Pietro Campilli (1891–1974) was an Italian economist and politician who held several cabinet posts during the 1940s and 1950s. He was the first president of the European Investment Bank and served in the post between 1958 and 1959.

==Early life and education==
Campilli was born in Frascati on 30 November 1891. He received a diploma in accounting and a degree in economics and commerce. As an economist Campilli belonged to the classical school of economics in addition to Luigi Einaudi, Epicarmo Corbino and Gustavo Del Vecchio.

==Career==
Campilli was a member of the Italian People's Party, but during the Fascist rule he did not involve in political life and worked as a banker becoming the director general of the Italian Banking Federation. He joined the Christian Democrats and became part of the Rome Liberation Committee during the resistance against Fascists. Following the end of the Fascist rule he was elected deputy to the National Council and then to Constituent Assembly where he served for two terms.

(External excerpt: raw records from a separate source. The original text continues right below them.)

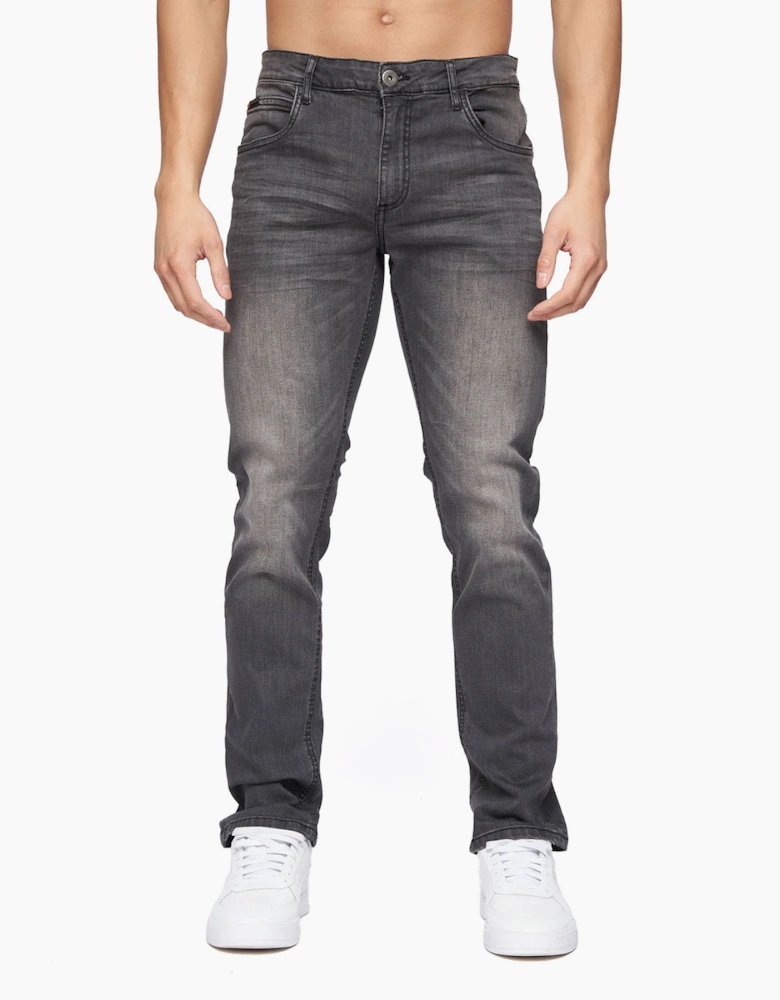Crosshatch Svelte Jeans Mens (Slim Fit) Dark Grey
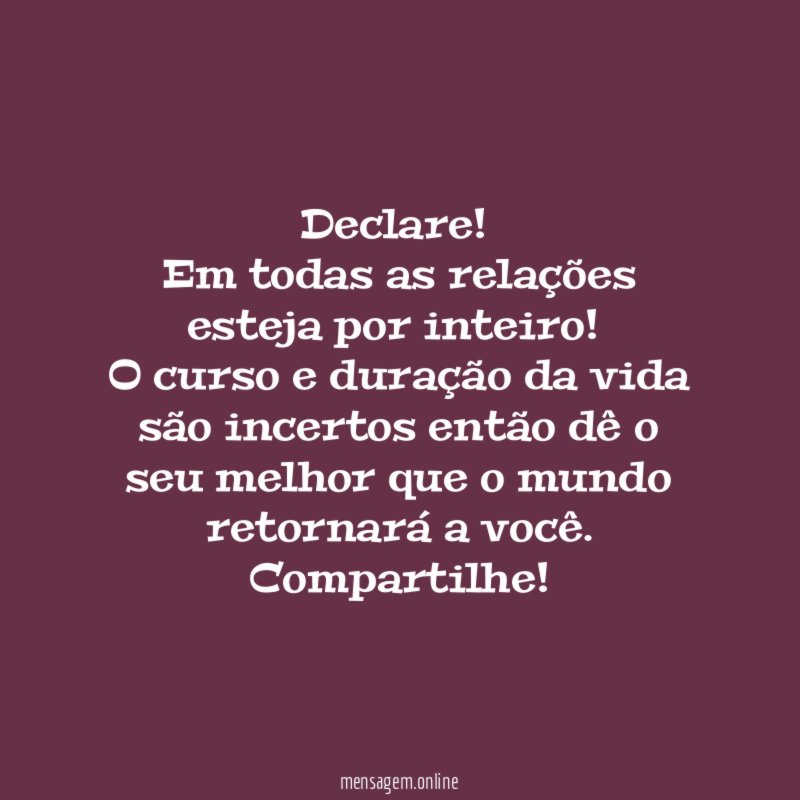 Declare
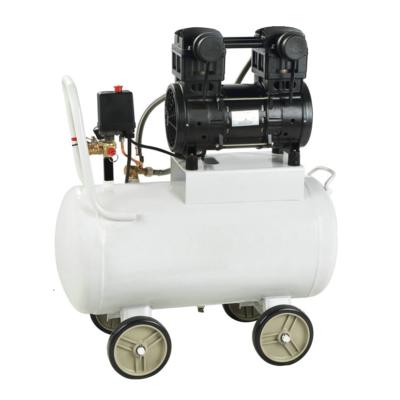 China Best Price 8 Bar 50l Oil Free Portable Oil Free Home Electric Piston Quiet Oil Free Air Compressor For Sale for sale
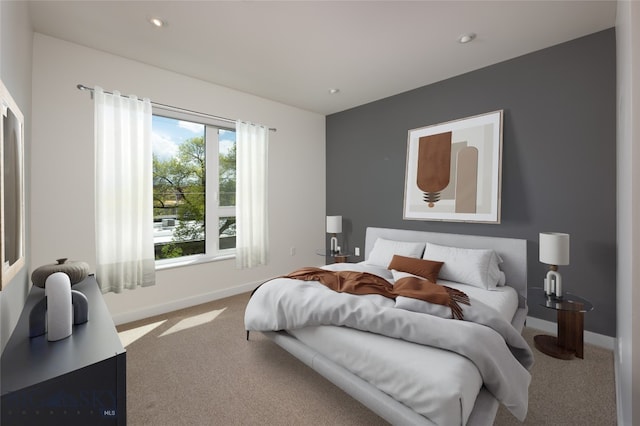 116 N Bozeman Unit 301, Bozeman, MT 59715 - carpeted bedroom featuring baseboards and recessed lighting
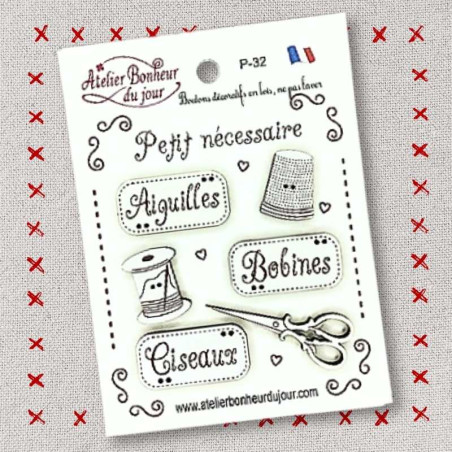 Pochette "PETIT NECESSAIRE" Atelier Bonheur du jour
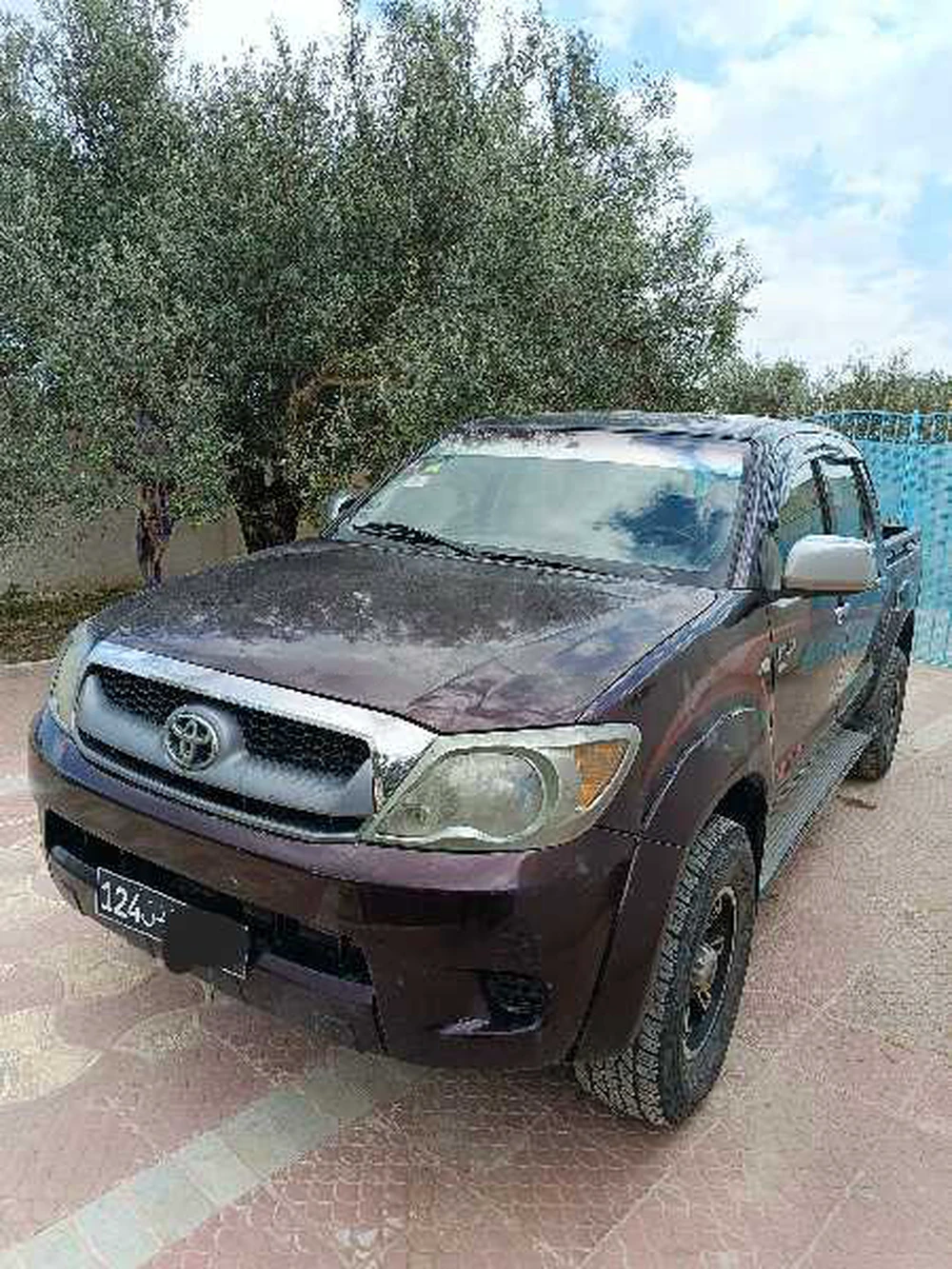 Carte voiture Toyota Hilux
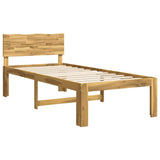 Single Bed Frame with Headboard ROSTOCK White 100 x 200 cm 903460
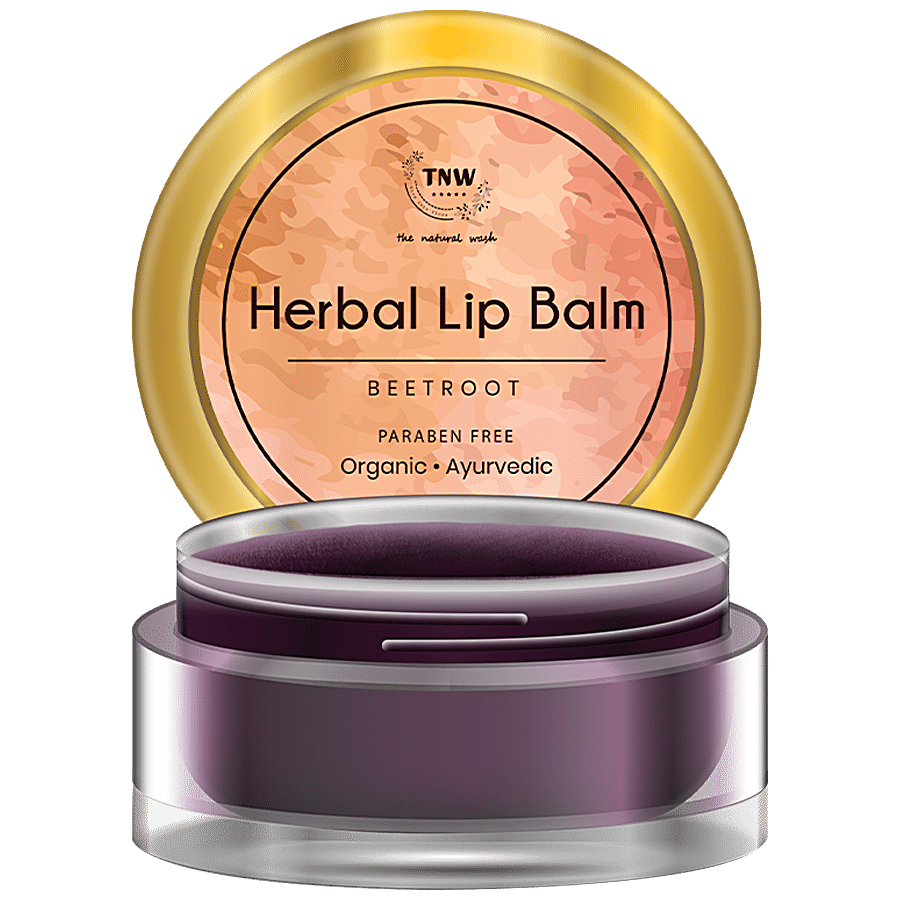 TNW-The Natural Wash Herbal Beetroot Lip Balm - Paraben-Free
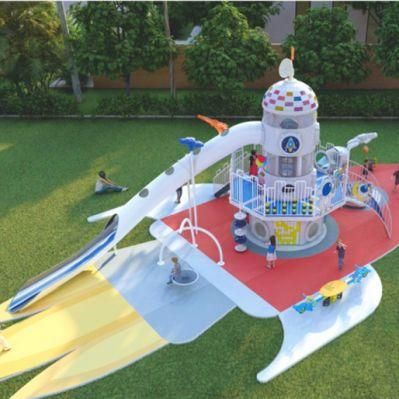 Outdoor Park Kids Playground Equipment Space Series Climbing Slide Yq43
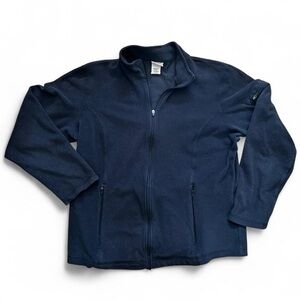 L.L. Bean soft and warm black fleece jacket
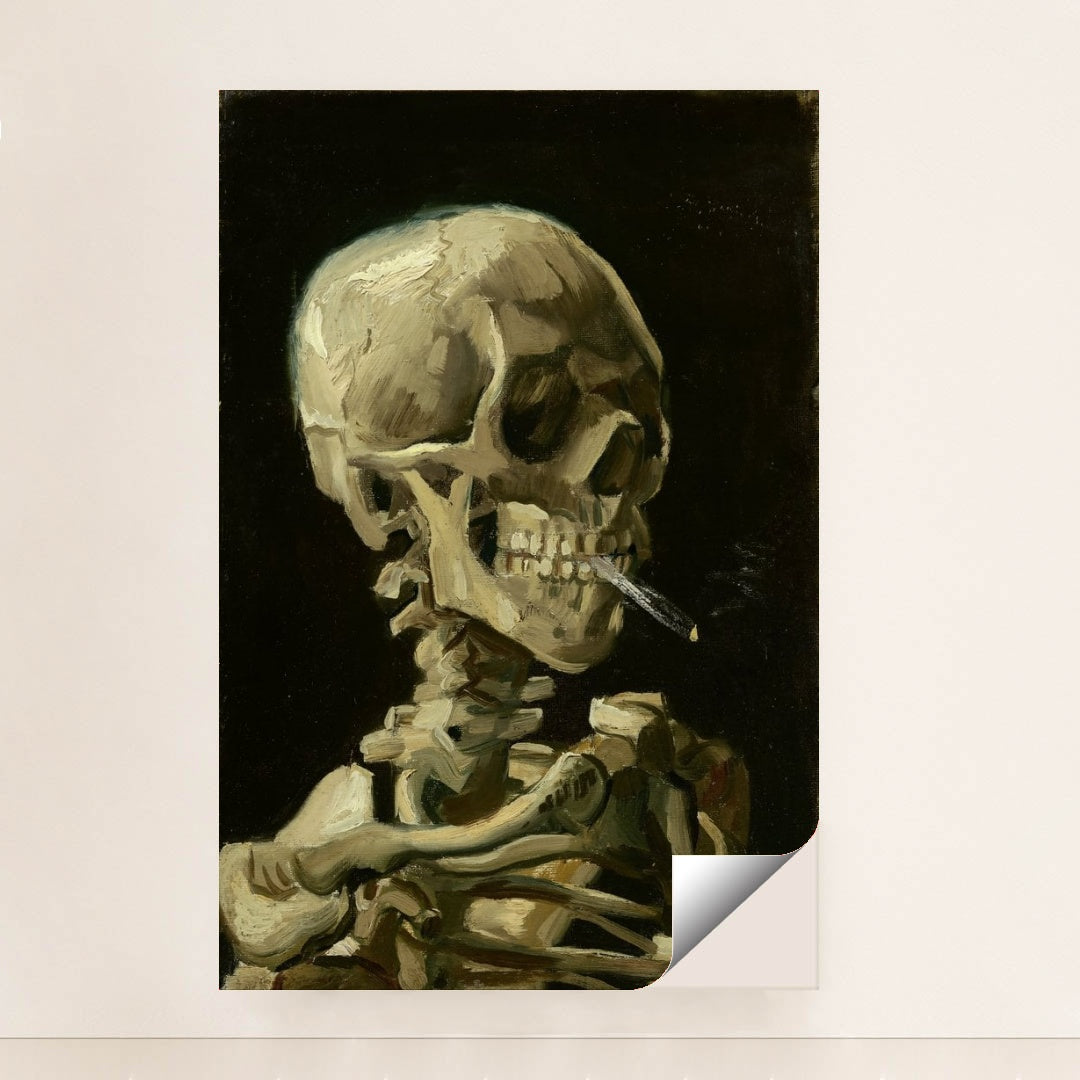 Skull With Burning Cigarette by Vincent van Gogh - Peeliez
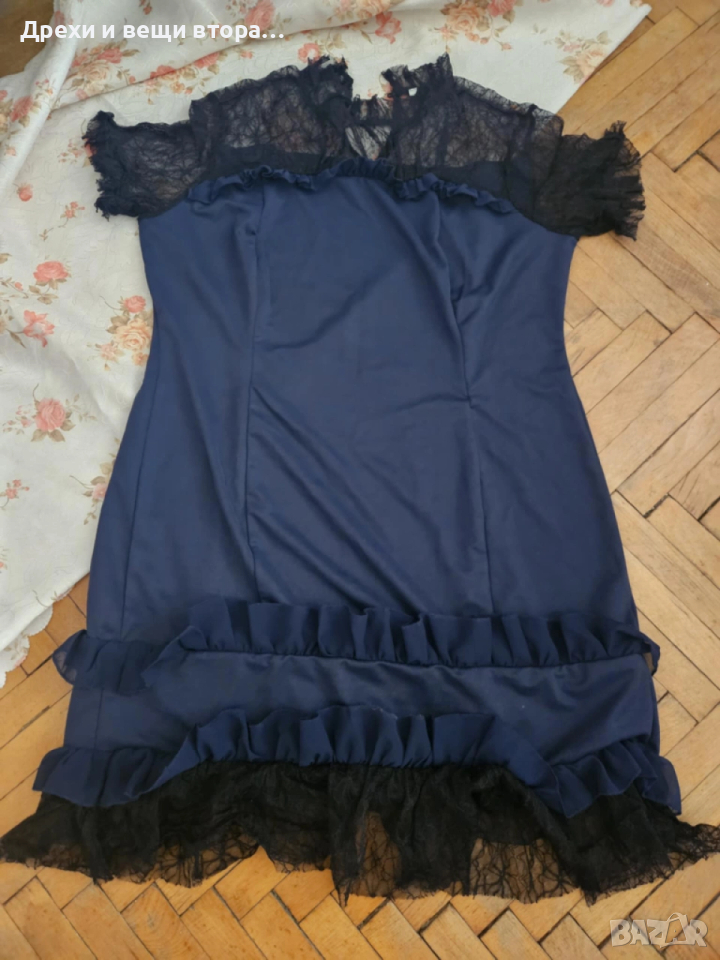 Продавам дамска рокля размер 1ХЛ НАМАЛЕНА НА 20 ЛВ, снимка 1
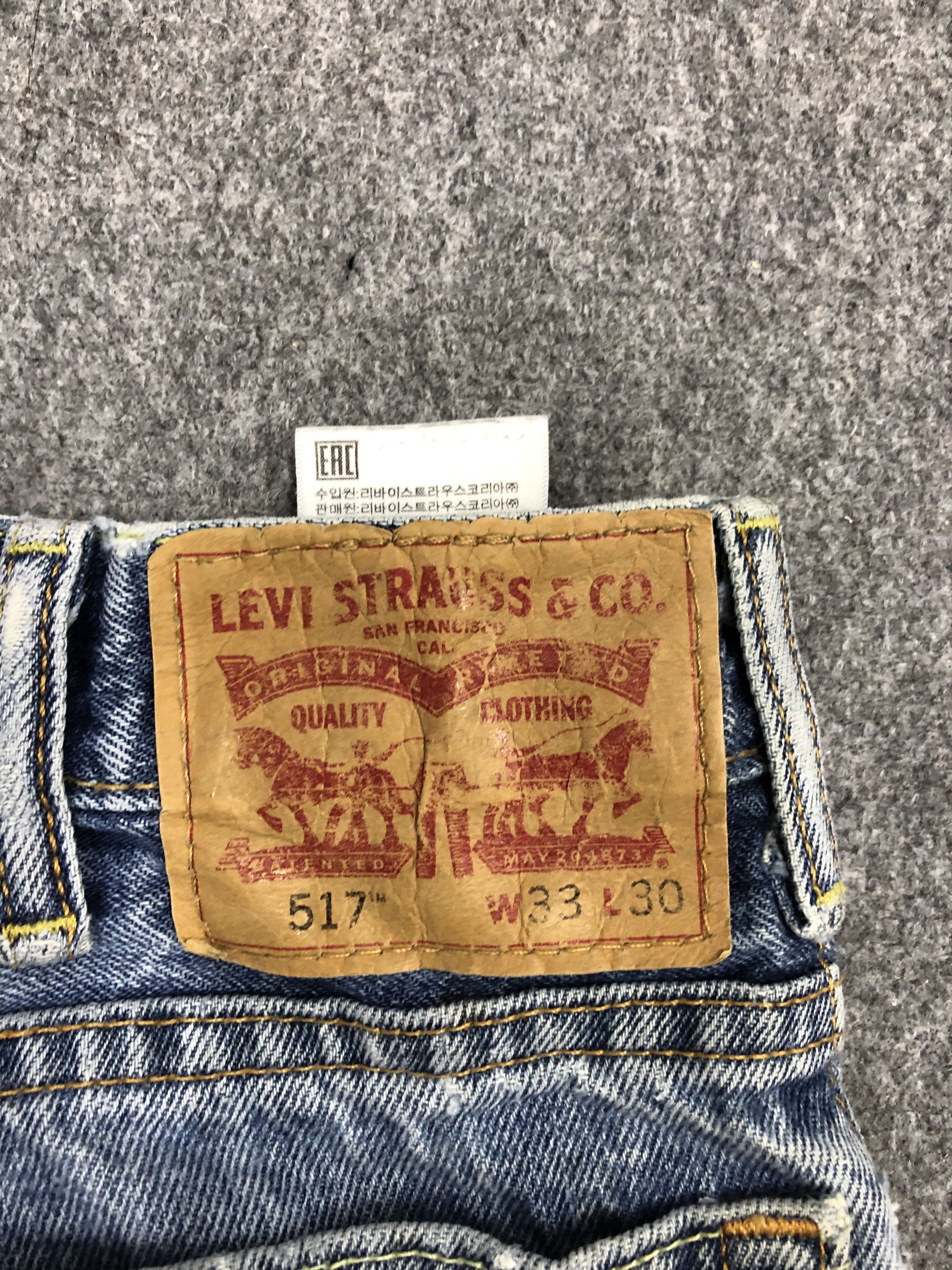 Levi's Vintage Levis 517 Flared Bootcut Denim DP1097 Size US 35 - 5 Thumbnail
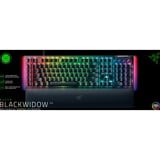 Razer BlackWidow V4, gaming toetsenbord Zwart, US lay-out, Razer Green, RGB leds, Doubleshot ABS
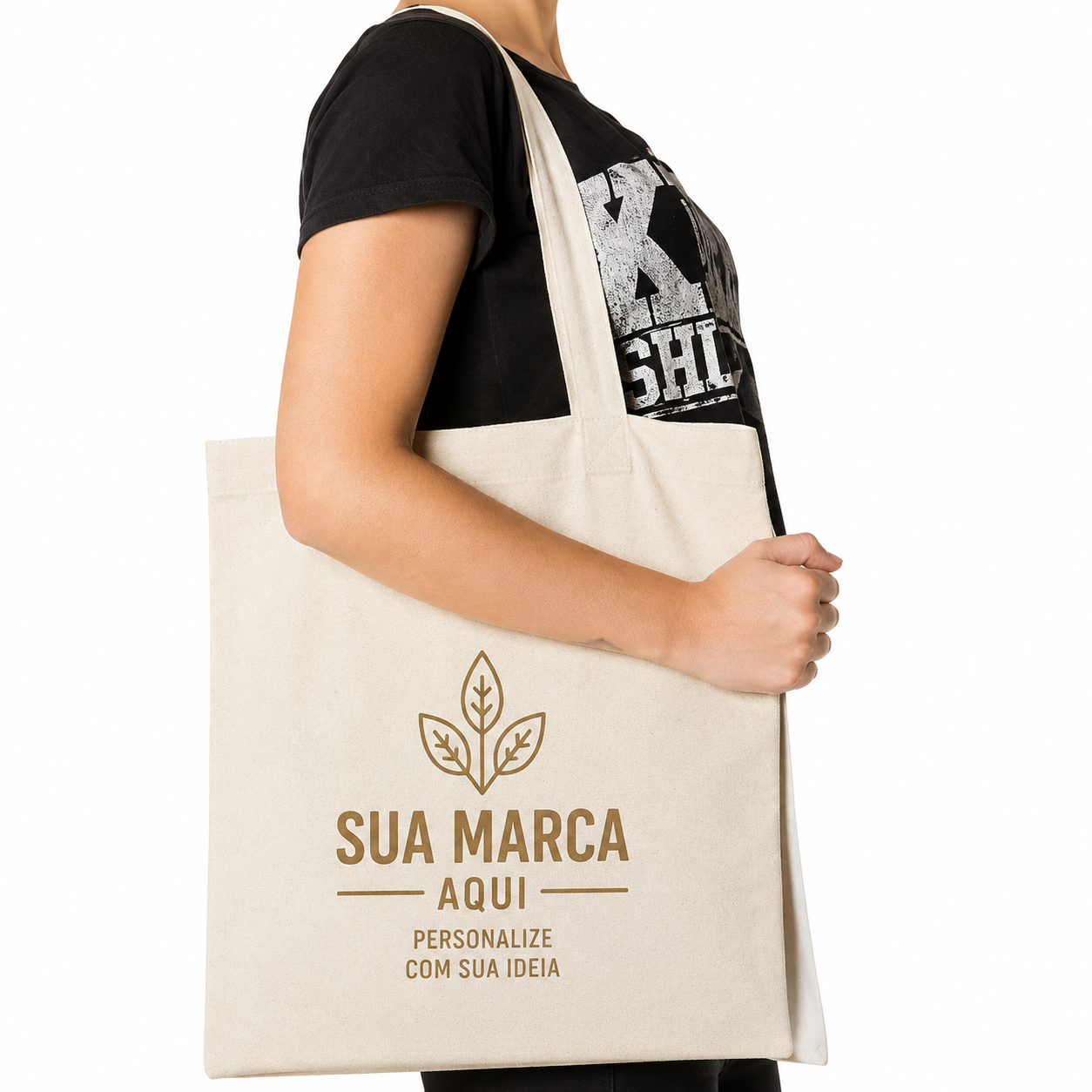 Sacola de Algodão Personalizada M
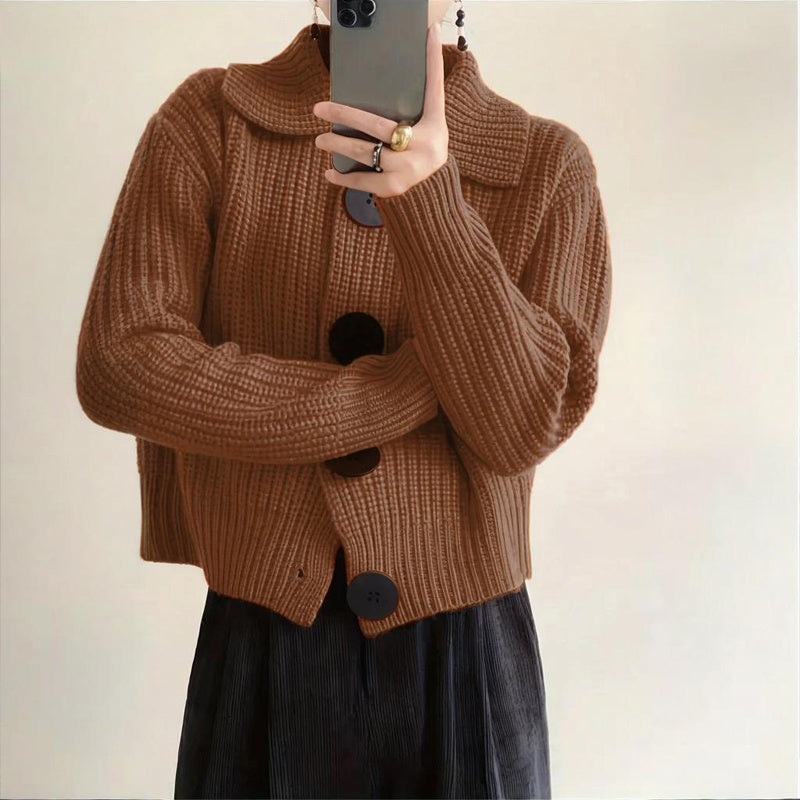 Women's Solid Color Free Size Sweater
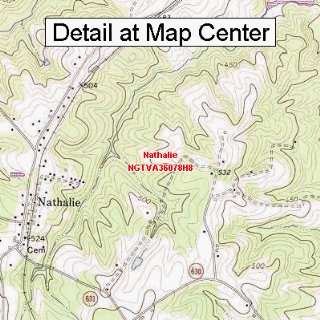   Topographic Quadrangle Map   Nathalie, Virginia (Folded/Waterproof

Campilli served as cabinet member several times. He was the minister of foreign trade in the second cabinet of Alcide De Gasperi between 1946 and 1947 and the minister of treasury and finance in the next De Gasperi cabinet in 1947. Before Campilli's appointment to the cabinet the ministry of treasury and finance was redesigned and expanded through the merge of treasury ministry and finance ministry. He also served as the minister without portfolio and then the minister of transport in the sixth cabinet of De Gasperi from 1950 and 1951, the minister of industry and commerce in the seventh cabinet of De Gasperi in the period 1951–1953), minister without portfolio in the cabinet of De Gasperi in 1953 and in the Pella cabinet between 1953 and 1954. He held the same post in the cabinets of Fanfani (1954), Scelba (1954–1955), Segni (1955–1957) and Zoli (1957–1958). He was the president of the European Investment Bank from February 1958 to May 1959 and named as the president of the National Council of Economy and Labor in May 1959 which he held until 1970. He also served as the president of the Italian Arbitration Association in late 1960s.

==Death==
Campilli died in Rome on 8 July 1974.